NoETL Engine Internals

1. The Event-Command Loop

The engine is event-driven, not call-stack-driven.

Event arrives -> engine evaluates -> emits Command(s) -> worker picks up ->
worker emits result Event -> engine evaluates again -> ...

Each handle_event() call is stateless at the call level:

  • reload ExecutionState from Postgres
  • process one event
  • write new events and commands
  • save state back

There is no persistent in-memory stack frame holding execution progress.

State persistence:

  • ExecutionState.to_dict() is serialized into noetl.execution.state
  • every event handler call effectively does load_state -> process -> save_state

2. ExecutionState

ExecutionState (noetl/core/dsl/engine/executor/state.py) is the in-memory object for one execution.

FieldTypePurpose
variablesdictExecution-scoped workload vars and set: mutations
step_resultsdict[step_name -> compact_envelope]Compact references and scalar context
completed_stepsset[str]Idempotency guard
issued_stepsset[str]Pending issued-but-not-completed steps
loop_statedict[step -> loop_meta]Loop index, epoch, counters per step
emitted_loop_epochsset[str]In-call dedup for loop.done
pagination_statedictcollect+retry cursor state
pending_next_actionsdictDeferred next: for inline task blocks

Critical invariant:

  • step_results stores compact envelopes only
  • the control plane carries references plus bounded scalar context
  • large row payloads belong in external storage, not in state JSON

3. Where Actual Data Lives

When a worker produces a large result, the runtime externalizes it and the engine carries only a reference envelope:

noetl://execution/<eid>/result/<step>/<uuid>

Storage tiers

TierBackendRecommended payload sizePurpose
memoryIn-process cachetinyLocal previews and very small values
kvNATS KVup to about 1 MBFast execution-scoped scalars and small JSON
minioMinIO / S3-compatible object storageabove 1 MBPreferred backend for medium and large execution data
pvcPVC / mounted volumevery large filesLocal large-file exchange and DuckDB-readable artifacts
s3 / gcsCloud object storagelarge and durableCross-system durable artifacts
dbPostgreSQLqueryableRelational intermediate tables and projections

RisingWave-aligned tiers (phase 0 onward)
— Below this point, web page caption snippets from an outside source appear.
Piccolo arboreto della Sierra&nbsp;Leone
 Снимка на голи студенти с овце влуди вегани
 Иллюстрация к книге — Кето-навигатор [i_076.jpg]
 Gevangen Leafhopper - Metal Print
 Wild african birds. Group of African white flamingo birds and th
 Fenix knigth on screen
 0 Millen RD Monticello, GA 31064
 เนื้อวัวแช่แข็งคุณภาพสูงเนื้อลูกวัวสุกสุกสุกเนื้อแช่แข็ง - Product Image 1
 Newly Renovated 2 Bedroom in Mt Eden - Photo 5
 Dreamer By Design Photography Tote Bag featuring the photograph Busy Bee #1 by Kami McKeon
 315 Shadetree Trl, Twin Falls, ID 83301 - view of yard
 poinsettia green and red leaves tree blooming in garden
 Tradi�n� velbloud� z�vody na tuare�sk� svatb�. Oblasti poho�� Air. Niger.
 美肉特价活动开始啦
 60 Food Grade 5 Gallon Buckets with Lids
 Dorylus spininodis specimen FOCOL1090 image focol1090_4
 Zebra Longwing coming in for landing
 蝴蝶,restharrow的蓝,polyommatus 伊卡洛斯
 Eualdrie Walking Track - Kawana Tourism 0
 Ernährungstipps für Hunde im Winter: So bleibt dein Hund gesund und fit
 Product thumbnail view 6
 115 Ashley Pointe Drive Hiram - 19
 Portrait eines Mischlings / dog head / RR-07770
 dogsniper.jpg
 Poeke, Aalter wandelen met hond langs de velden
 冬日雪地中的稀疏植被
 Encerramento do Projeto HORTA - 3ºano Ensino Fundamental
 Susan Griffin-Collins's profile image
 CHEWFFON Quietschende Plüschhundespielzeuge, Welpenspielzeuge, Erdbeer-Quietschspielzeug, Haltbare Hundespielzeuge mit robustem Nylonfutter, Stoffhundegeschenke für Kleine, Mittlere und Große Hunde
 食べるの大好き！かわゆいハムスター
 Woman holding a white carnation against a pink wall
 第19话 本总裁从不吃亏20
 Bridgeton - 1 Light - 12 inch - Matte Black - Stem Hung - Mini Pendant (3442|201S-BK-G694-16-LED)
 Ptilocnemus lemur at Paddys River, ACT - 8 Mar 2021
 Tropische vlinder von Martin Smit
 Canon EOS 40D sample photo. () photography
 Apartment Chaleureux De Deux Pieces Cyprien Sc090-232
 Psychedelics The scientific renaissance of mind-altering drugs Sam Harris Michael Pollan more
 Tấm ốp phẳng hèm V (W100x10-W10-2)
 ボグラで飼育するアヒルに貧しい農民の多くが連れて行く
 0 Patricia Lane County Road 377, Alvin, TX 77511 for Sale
For execution payloads larger than about 1 MB, the router selects StoreTier.DISK — a local SSD/NVMe cache per worker with async spill to the configured cloud tier (S3/MinIO or GCS via NOETL_STORAGE_CLOUD_TIER). This mirrors RisingWave's disk cache architecture.

Why:

  • NATS KV is appropriate for small control-plane state, not multi-MB result transport.
  • The NATS Object Store tier was removed in the phase 0 RisingWave alignment. store: "object" payloads are auto-remapped to store: "disk" with a one-time deprecation warning.
  • The DISK tier gives every worker a local hot cache + durable cloud spill, which matches the elasticity and warm-start story in RisingWave.
  • In phase 0 the DISK backend itself is a placeholder; writes fall through directly to the configured cloud tier. Phase 1 adds the two-pool local cache (meta + data) with rate-limited inserts and recover_mode=Quiet warm start.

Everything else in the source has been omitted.